### Task directions
In the data below, restate exactly the lines from the one with "1749269467 5 Maneiras" to the final line, both included, but not the pictures.

### Data below
------------------------------------------------------------

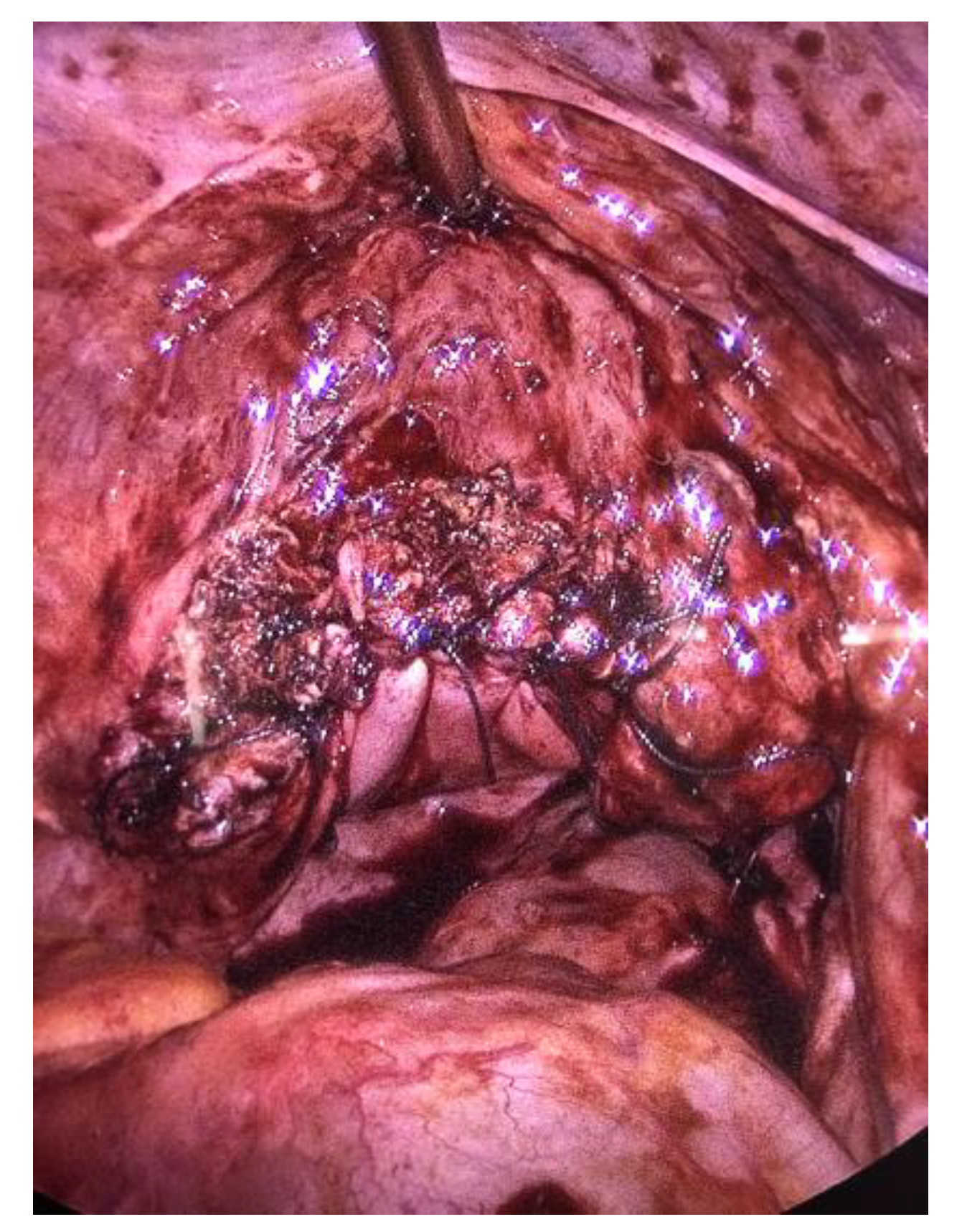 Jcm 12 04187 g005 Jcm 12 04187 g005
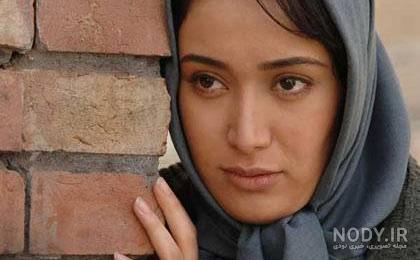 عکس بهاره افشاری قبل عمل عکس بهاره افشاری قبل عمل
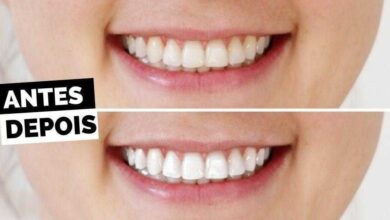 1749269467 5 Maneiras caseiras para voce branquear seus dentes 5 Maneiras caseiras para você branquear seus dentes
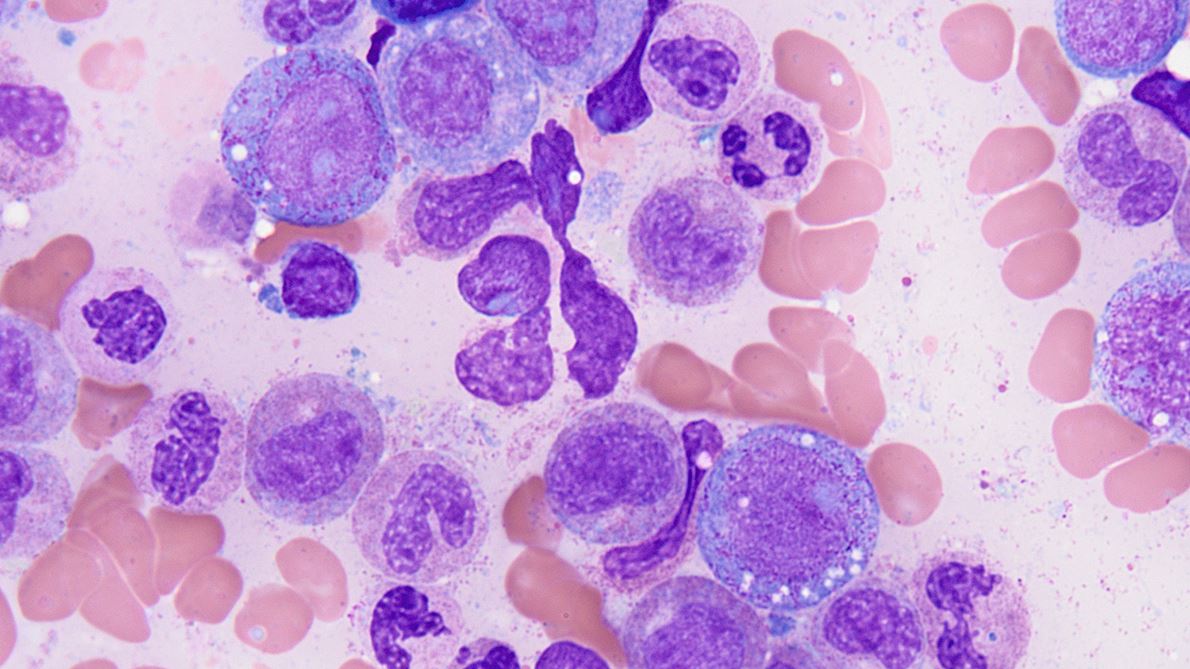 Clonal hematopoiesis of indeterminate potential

------------------------------------------------------------

### Written answer
 1749269467 5 Maneiras caseiras para voce branquear seus dentes 5 Maneiras caseiras para você branquear seus dentes
 Clonal hematopoiesis of indeterminate potential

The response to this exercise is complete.